晩年。カフカは恋人と散歩中、一人の女の子に会った。彼女は泣いていた。聞いてみると大切な人形がいなくなってしまったらしい。
 
「その子は元気だよ。僕がその子から君へ宛てた手紙を預かっている。明日渡しに行くよ」
 
カフカはそれから数週間、毎日手紙を書いた。人形が新しい世界を求め旅に出る物語。しかしカフカがその土地を離れる時が来た。カフカは物語の結末を悩んだ。また未完の物語が生まれるのだろうか。
 
カフカは旅立ちの日、少女に人形を渡した。それは長い旅の間にちょっぴり成長した人形であると。

カフカが眠る一年と少し前の出来事。
 
 
この手の物語は尾ひれがつくもので、実際のところは私もよくわからない。
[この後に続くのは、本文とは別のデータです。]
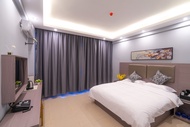 Rainbow Hotel (Haikou Fucheng store)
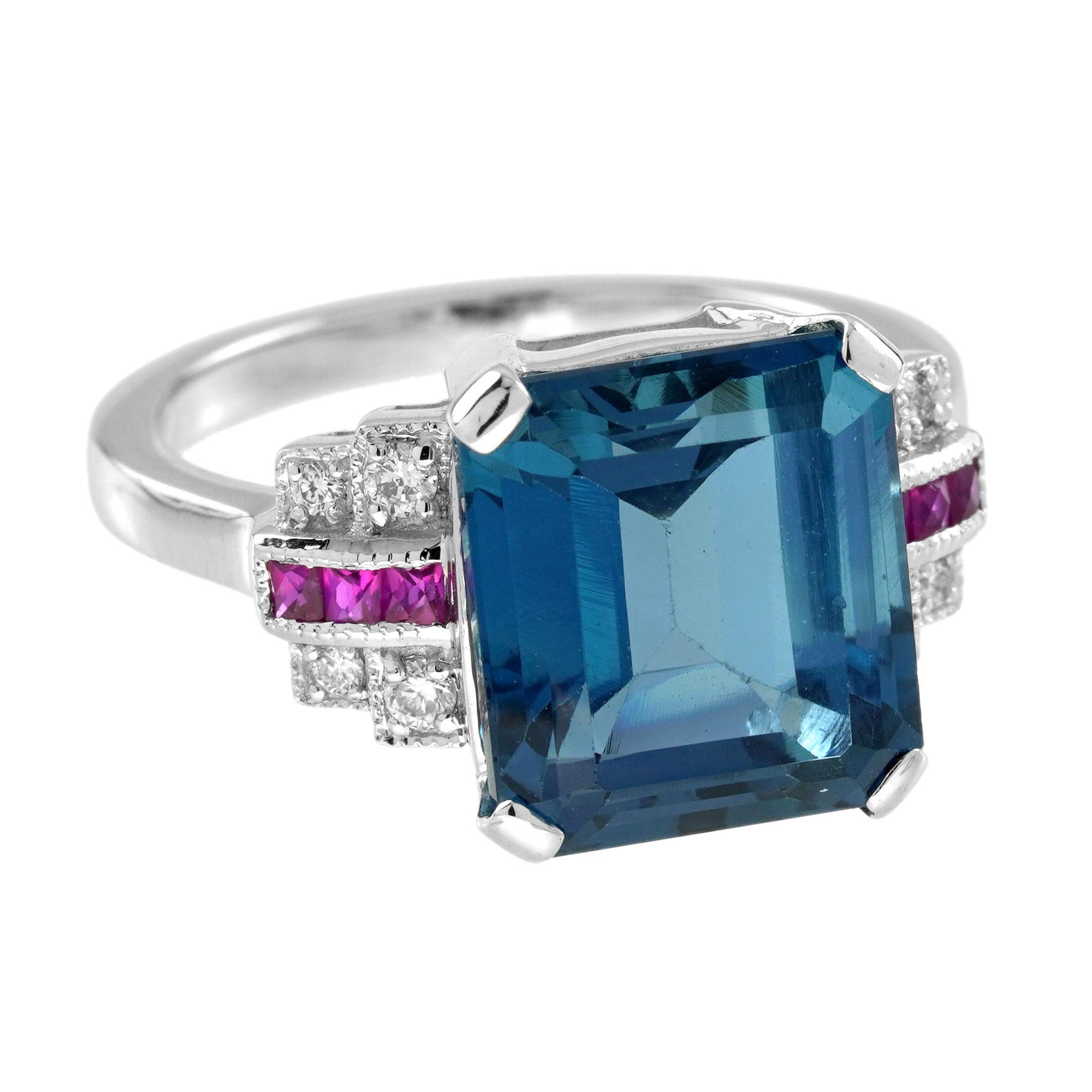 Cette bague d'un chic exceptionnel présente une topaze bleue de Londres de taille émeraude pesant environ 7,70 carats, flanquée aux épaules de diamants et de rubis roses, le tout serti dans de l'or blanc 18k. La combinaison des couleurs bleu et rose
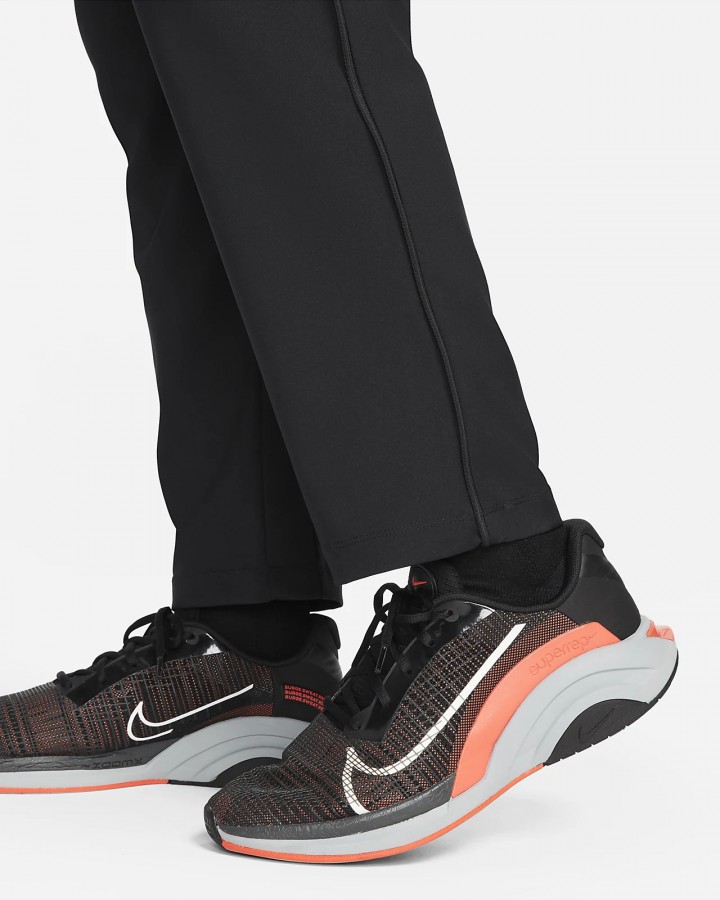 брюки спортивные Nike DM6627-010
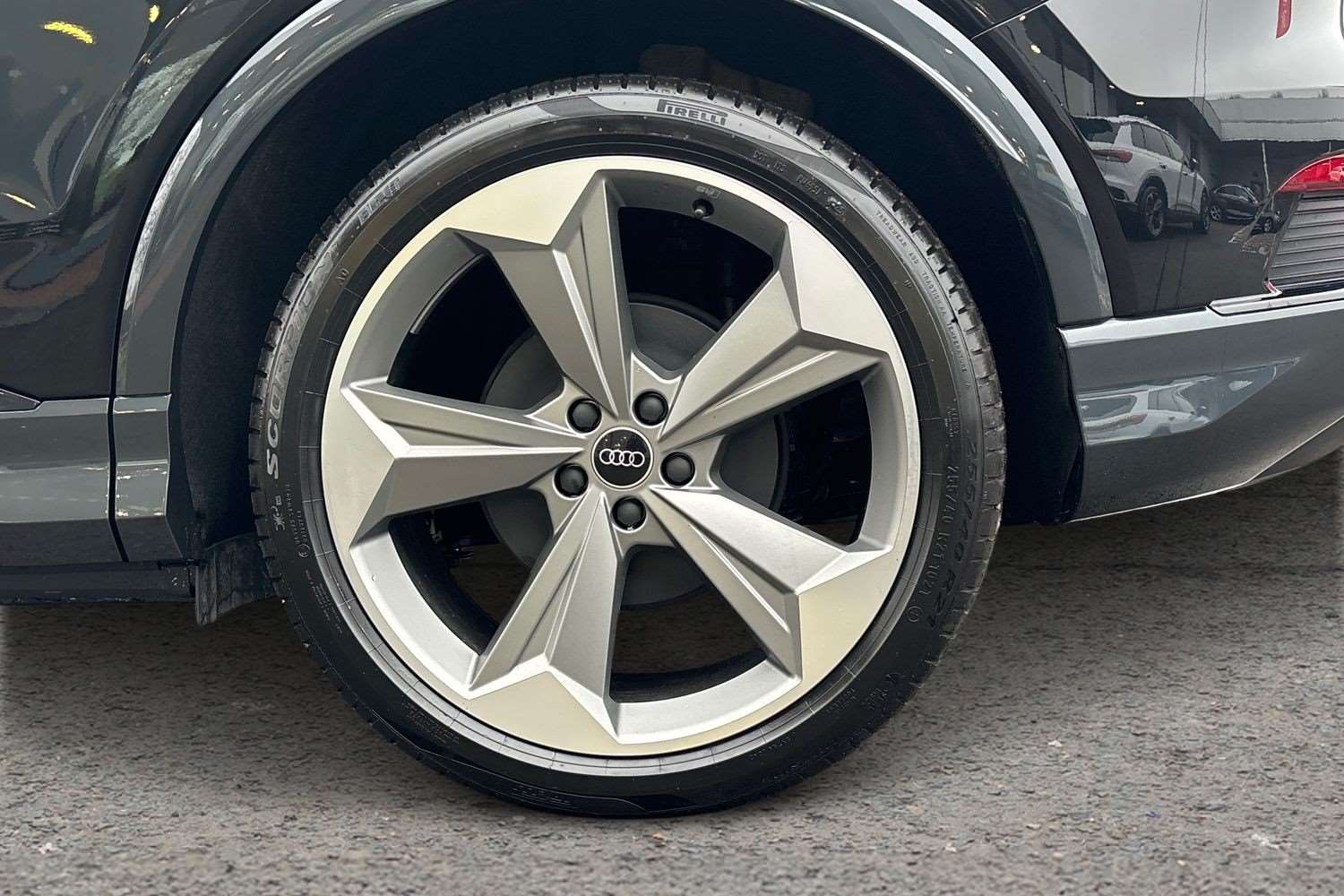 Used Audi Q4 e-tron 2025 for sale - 78010191: Photo 10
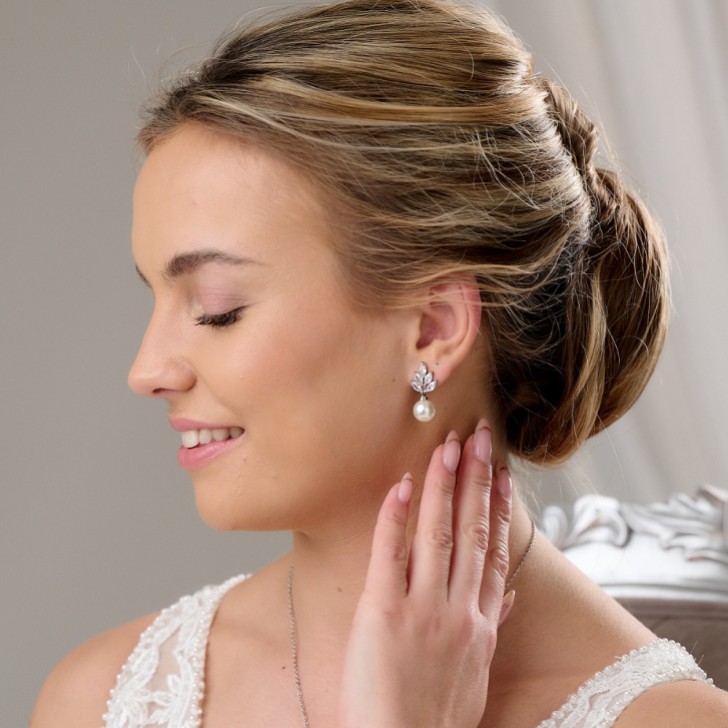 Vienna Vintage Pearl Drop Wedding Earrings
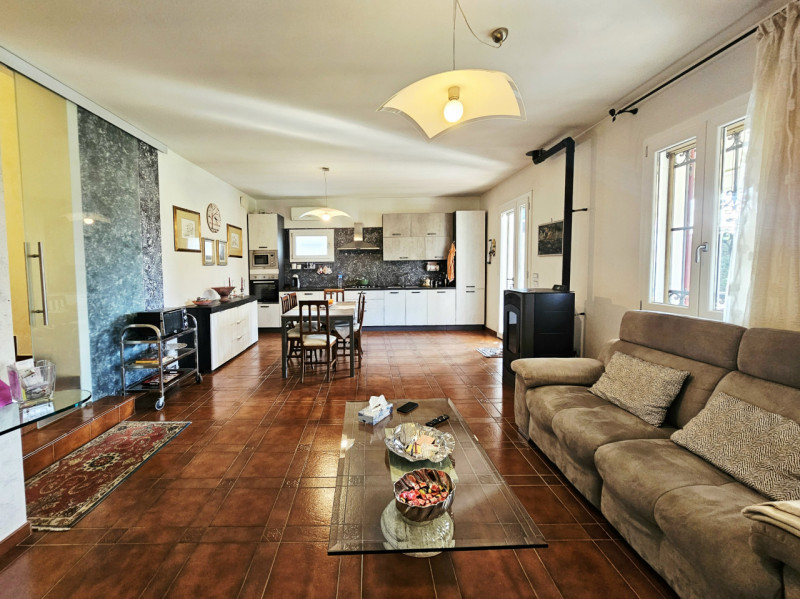 A Montagnana, proponiamo in vendita meravigliosa villa singola, caratterizzata da spazi ampi e de...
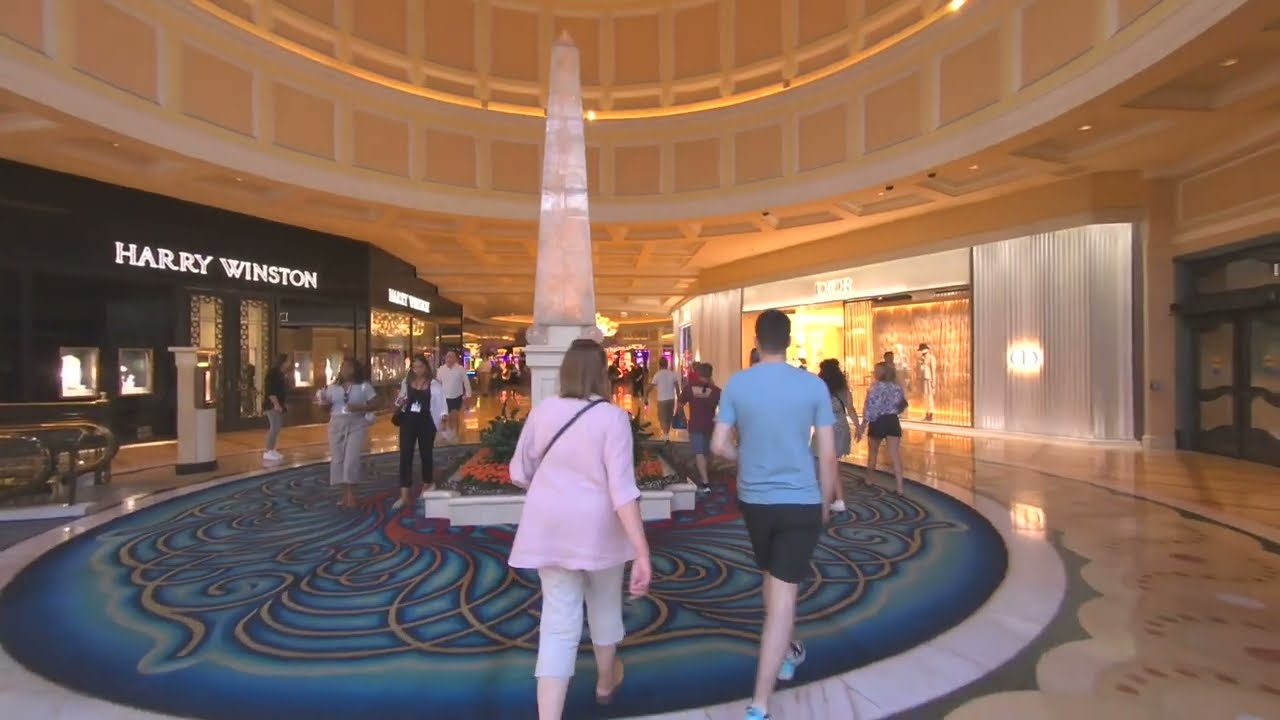 Experience VIRTUAL VEGAS with BELLAGIO VR180 Walk Through!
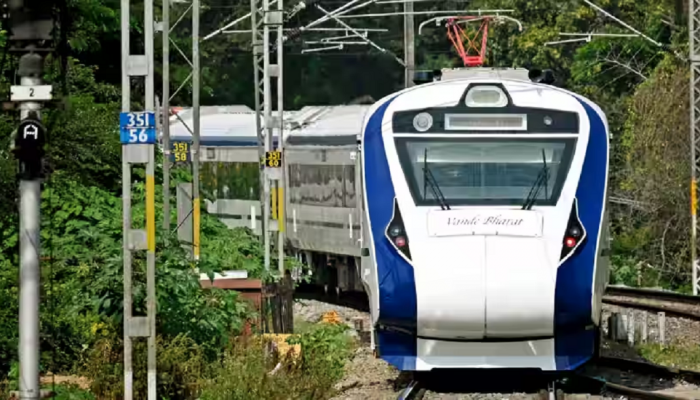 Vande Bharat express ticket rates : वंदे भारत एक्स्प्रेसनं मुंबई- शिर्डी प्रवास करताय? आधी पाहून घ्या तिकीट दर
でも素敵なエピソードだと思う。カフカは物語を終わらせた。カール・ロスマンの様に永遠の失踪者にすることも出来たのに。人形は城に辿り着いた。
 
少女と人形は、その後どんな人生を送ったのだろう。よく夢想する。失踪者のその後を想うのと同じように。彼女と人形の物語は、カフカ不在で続いていく。
 
「中途半端のままにしておけないのだ。中途半端は仕事においてのことだけでなく、何ごとであれバカげている」
 
カフカが現実で、カフカなりにやり遂げた、終わりと始まりの物語。